··· Stored data

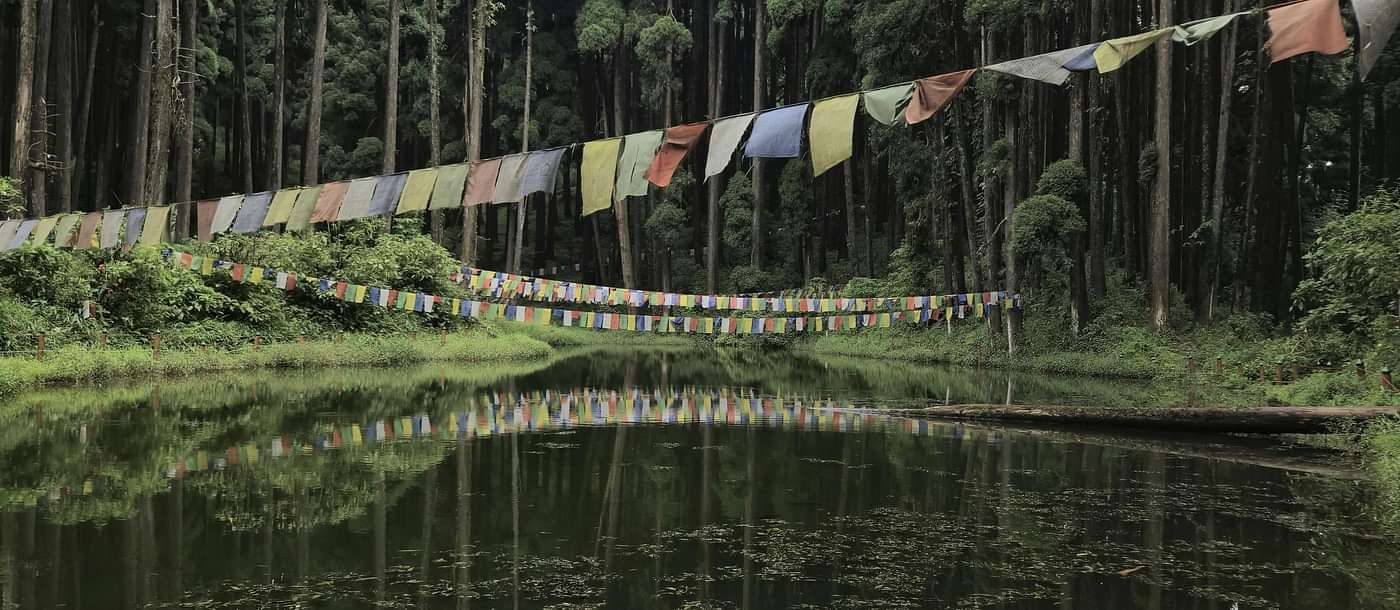 A still pond reflects tall trees and colourful prayer flags strung across its banks.
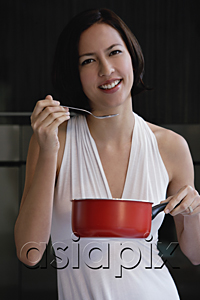 AsiaPix - A woman tastes her cooking as she looks at the camera
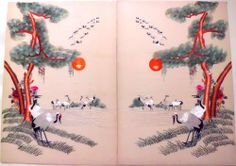 an open book with two pictures of birds and trees on the cover, one is red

······

• [Try it]: Every line above should be returned exactly; the pictures stay out.

• [Solved problem]:
 A still pond reflects tall trees and colourful prayer flags strung across its banks.
 AsiaPix - A woman tastes her cooking as she looks at the camera
 an open book with two pictures of birds and trees on the cover, one is red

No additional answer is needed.